» **What you need to do**
The answer must be an exact copy of the lines from the one containing "Критично ниско ниво" through the last line of the records, with no pictures.

(Supplied data Opens)

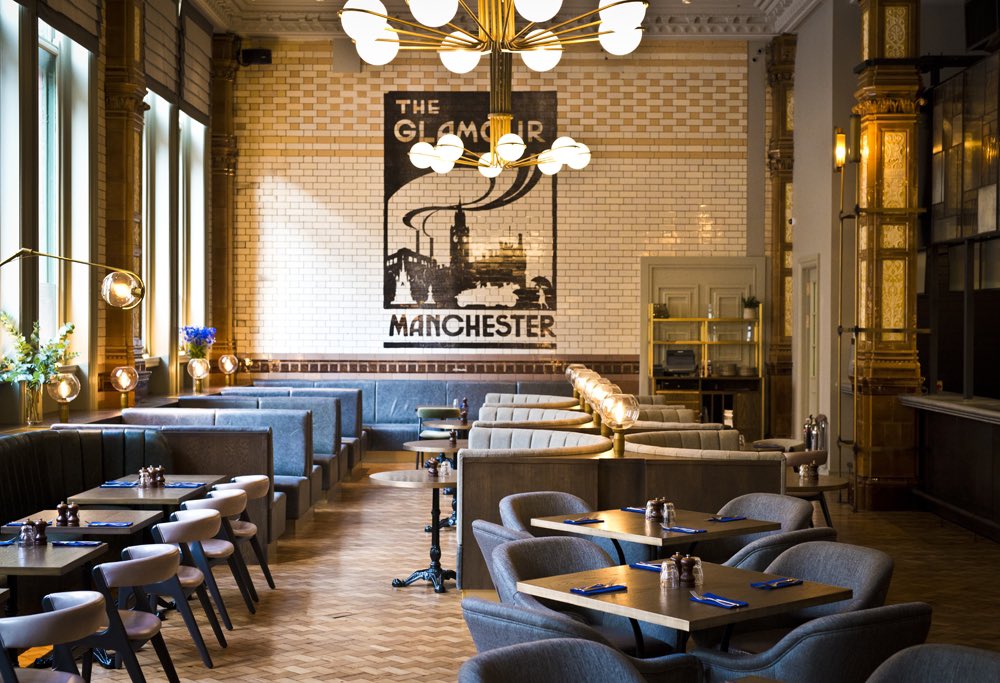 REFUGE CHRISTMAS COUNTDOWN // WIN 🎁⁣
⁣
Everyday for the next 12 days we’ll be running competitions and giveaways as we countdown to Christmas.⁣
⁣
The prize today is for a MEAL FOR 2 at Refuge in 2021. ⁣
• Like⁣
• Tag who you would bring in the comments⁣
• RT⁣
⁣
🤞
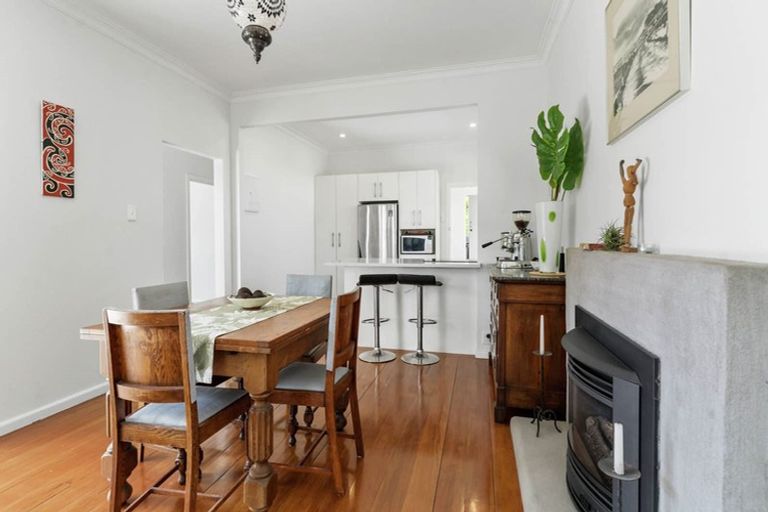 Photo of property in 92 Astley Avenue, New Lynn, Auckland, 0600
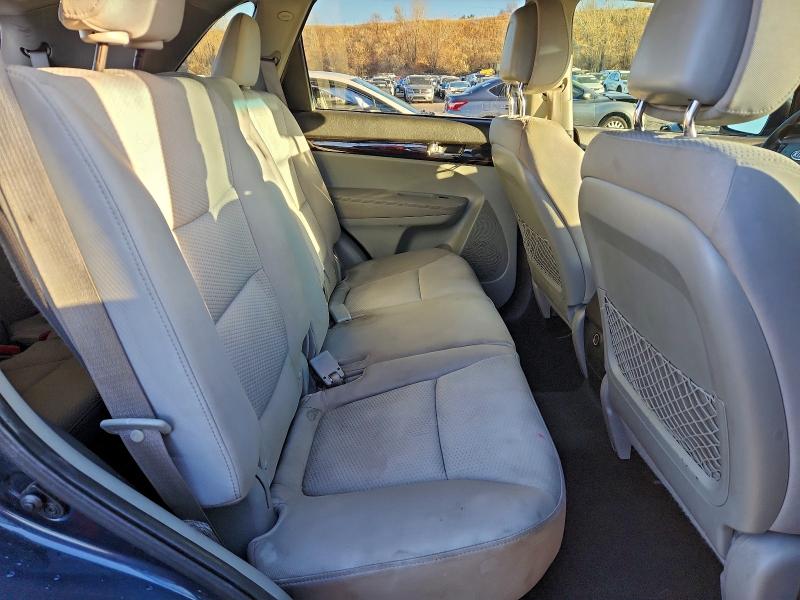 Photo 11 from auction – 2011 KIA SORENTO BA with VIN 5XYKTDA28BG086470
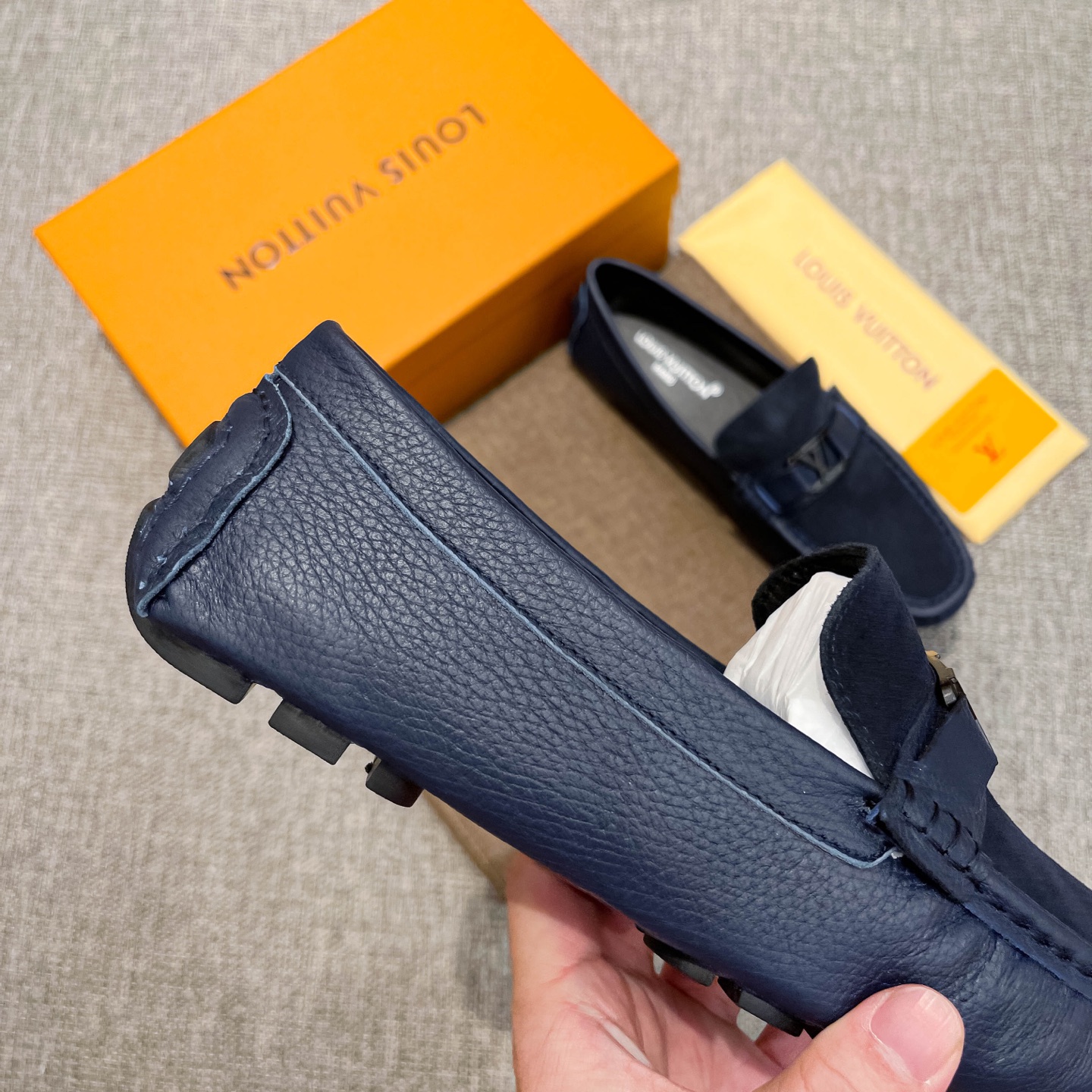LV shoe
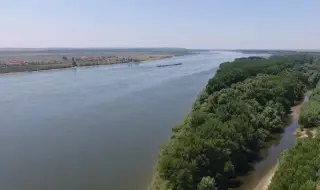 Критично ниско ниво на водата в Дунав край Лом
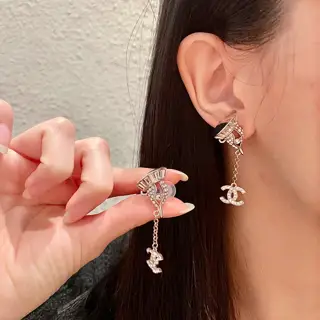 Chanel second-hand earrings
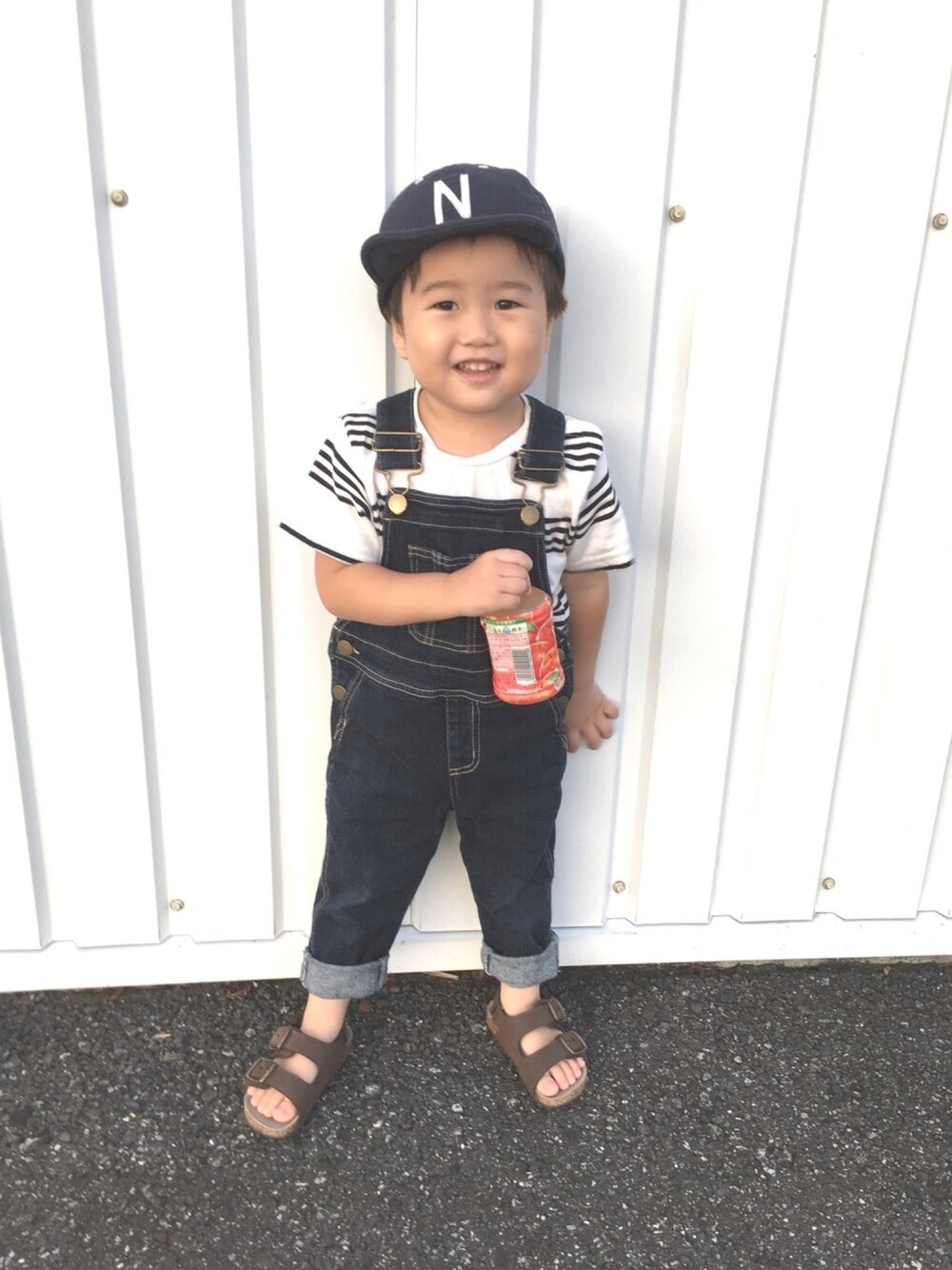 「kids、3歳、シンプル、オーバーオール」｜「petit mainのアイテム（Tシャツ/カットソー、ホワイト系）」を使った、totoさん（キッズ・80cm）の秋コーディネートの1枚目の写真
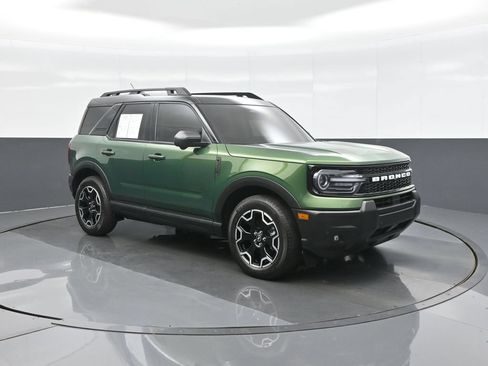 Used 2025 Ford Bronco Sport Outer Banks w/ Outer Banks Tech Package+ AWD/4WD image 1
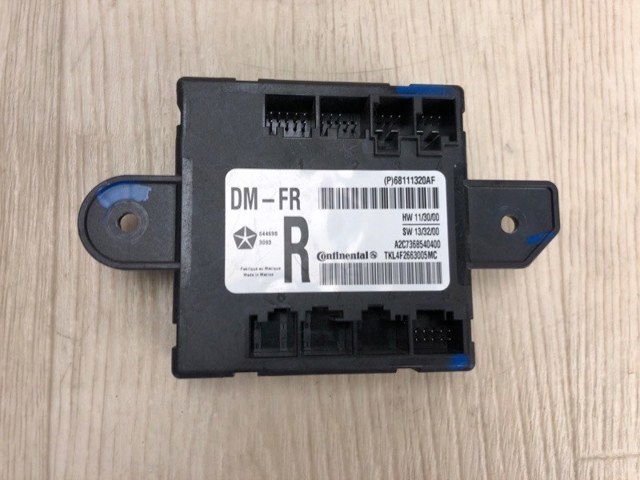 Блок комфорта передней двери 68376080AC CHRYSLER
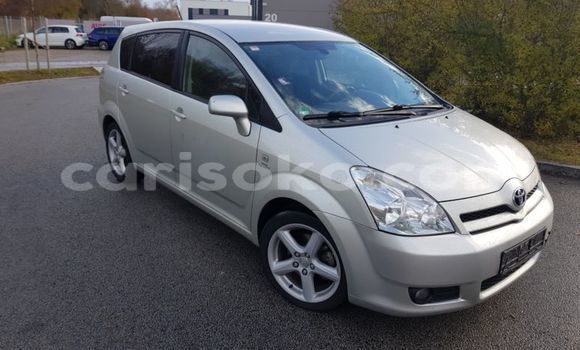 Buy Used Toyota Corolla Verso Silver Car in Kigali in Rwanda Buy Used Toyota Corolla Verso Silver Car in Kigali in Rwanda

(Supplied data Closes)

» **Task response**
 Критично ниско ниво на водата в Дунав край Лом
 Chanel second-hand earrings
 「kids、3歳、シンプル、オーバーオール」｜「petit mainのアイテム（Tシャツ/カットソー、ホワイト系）」を使った、totoさん（キッズ・80cm）の秋コーディネートの1枚目の写真
 Used 2025 Ford Bronco Sport Outer Banks w/ Outer Banks Tech Package+ AWD/4WD image 1
 Блок комфорта передней двери 68376080AC CHRYSLER
 Buy Used Toyota Corolla Verso Silver Car in Kigali in Rwanda Buy Used Toyota Corolla Verso Silver Car in Kigali in Rwanda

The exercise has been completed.